When cash gets tight, many business owners turn to business term loans. But sometimes, you don’t have the time or the credit score to get one―but you have to get more working capital somehow.

Enter the merchant cash advance, an alternative to traditional business financing options. You get cash up front in exchange for a percentage of your credit card sales. And you don’t need a perfect credit score to get one. Sounds convenient, right?

Maybe―until you hear the details.

Merchant cash advances provide a fast way to get cash, but the confusing fee structure and inflexible repayment schedule can easily turn them into debt traps.

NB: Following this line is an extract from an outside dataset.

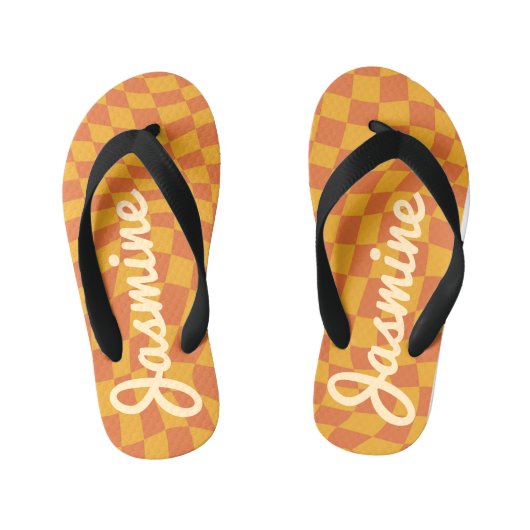 Aangepaste naam van het Oranje gevarieerde control Kinder Teenslippers (Voetbed)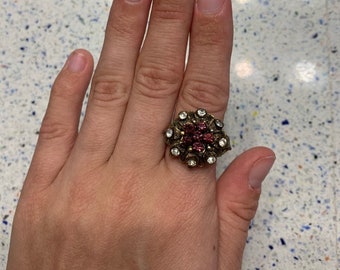 VINTAGE! Adjustable Costume Ring: Purple Gemstone Jewelry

We’ll dig deeper into all that in our guide below. We’ll also explain why you might choose to get one anyway and show you some alternative financing options to look at instead.

Merchant cash advance 101

As we said above, a merchant cash advance (MCA) gives your business a lump sum of money. In exchange, you agree to repay the advance by giving up a percentage of your future credit card sales.

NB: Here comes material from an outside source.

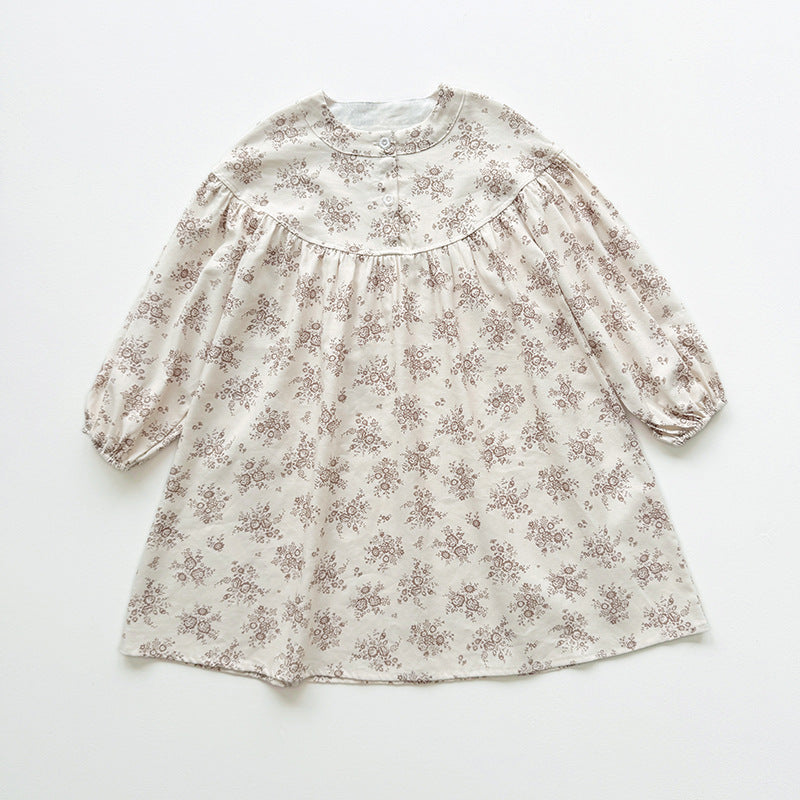 Arrival Autumn Girls Cute Flowers Pattern Long Sleeves Crew Neck Casual Loose Dress, MyKids-USA®, Baby & Toddler Dresses, MyKids-USA - Size/Age - 90 (12-24M) - Color - Coffee -  -  - TR2508272201-A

Because merchant cash advances rely on credit card sales, they work best for businesses that have a large, regular volume of credit card and debit card transactions (such as restaurants and retail stores). If you do mostly cash business, an MCA isn’t right for you.

Is it a merchant cash advance loan?

A merchant cash advance isn’t actually a loan, since it doesn’t have interest or a defined term. Likewise, cash advance companies aren’t actually lenders. But you’ll still see people refer to cash advance loans and MCA lenders, mostly for convenience.

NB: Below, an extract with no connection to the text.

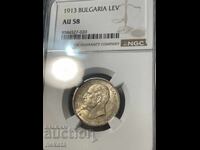 1 lev 1913 g. AU58 NGC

If you do decide to get an MCA, your cash advance provider will take a fixed (unchanging) rate percentage of your credit card sales, called a retrieval rate. They’ll continue to take this daily percentage until you’ve repaid your business cash advance, plus fees.

Your fees are dictated by your factor rate, which is just a number that tells you how much your cash advance will cost you.

Confused yet? Some people would argue that’s the point. In fact, merchant cash advances have often been called predatory, precisely because they use confusing numbers to mask the high costs. (We’ll cover this more in a minute.) And to be clear, merchant cash advances are one of the more expensive kinds of business financing out there.

Pros
  • Fast application and funding
  • Percentage-based repayment
  • High approval rates
Cons
  • High APR
  • Potential for debt cycle
  • Few industry regulations
Best Merchant Cash Advance Companies
Lendio
Kabbage
OnDeck
Fundbox
QuarterSpot

Even so, merchant cash advances remain a popular funding option for many businesses. In part, that’s because they’re fast. Many merchant cash advance companies offer same-day or next-day funding. When you need money ASAP, that’s a tempting offer―even if the fee structure is confusing.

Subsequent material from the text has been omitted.